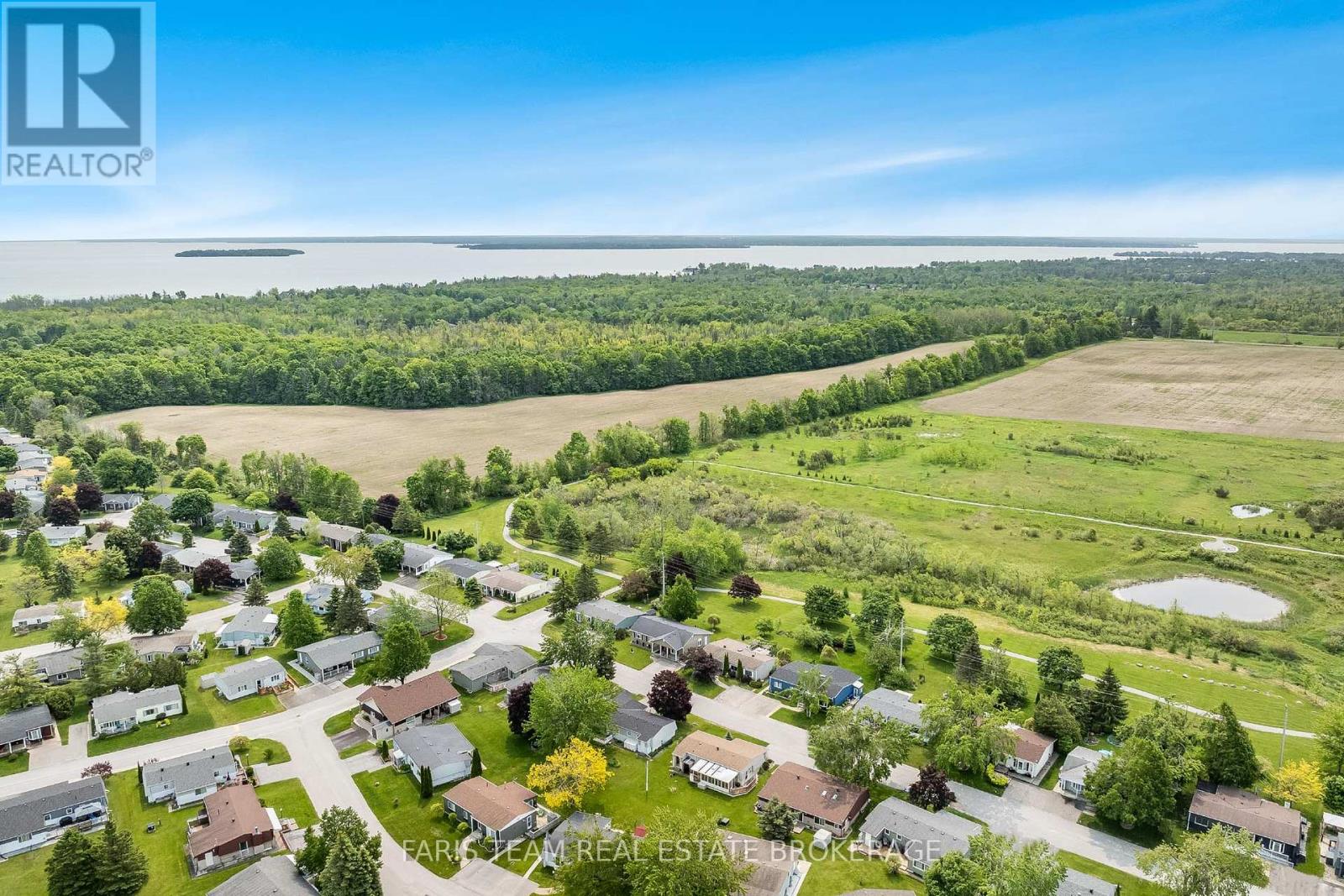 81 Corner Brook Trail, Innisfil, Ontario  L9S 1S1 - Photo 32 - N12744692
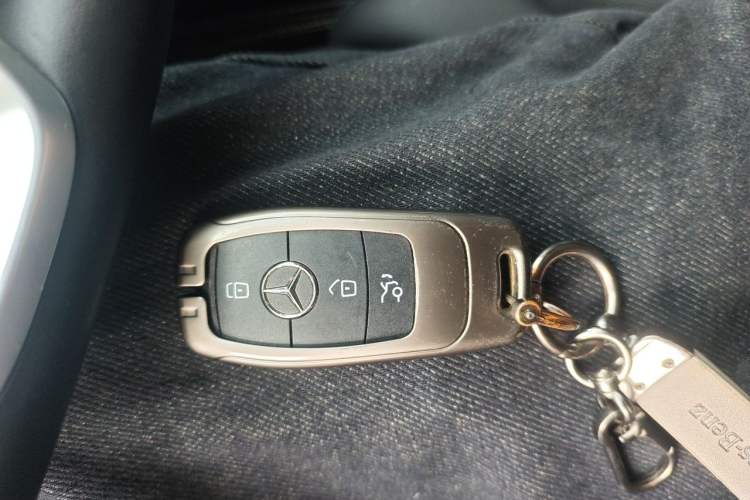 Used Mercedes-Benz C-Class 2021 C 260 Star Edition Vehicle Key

##########

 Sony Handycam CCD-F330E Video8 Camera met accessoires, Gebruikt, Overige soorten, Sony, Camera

##########

EXERCISE INSTRUCTIONS. In the data above, find the line with "81 Corner Brook" and the line with "Used Mercedes-Benz C-Class". Please copy exactly those two lines and every line between them, but not the pictures.

REPLY TO THE TASK.
 81 Corner Brook Trail, Innisfil, Ontario  L9S 1S1 - Photo 32 - N12744692
 Used Mercedes-Benz C-Class 2021 C 260 Star Edition Vehicle Key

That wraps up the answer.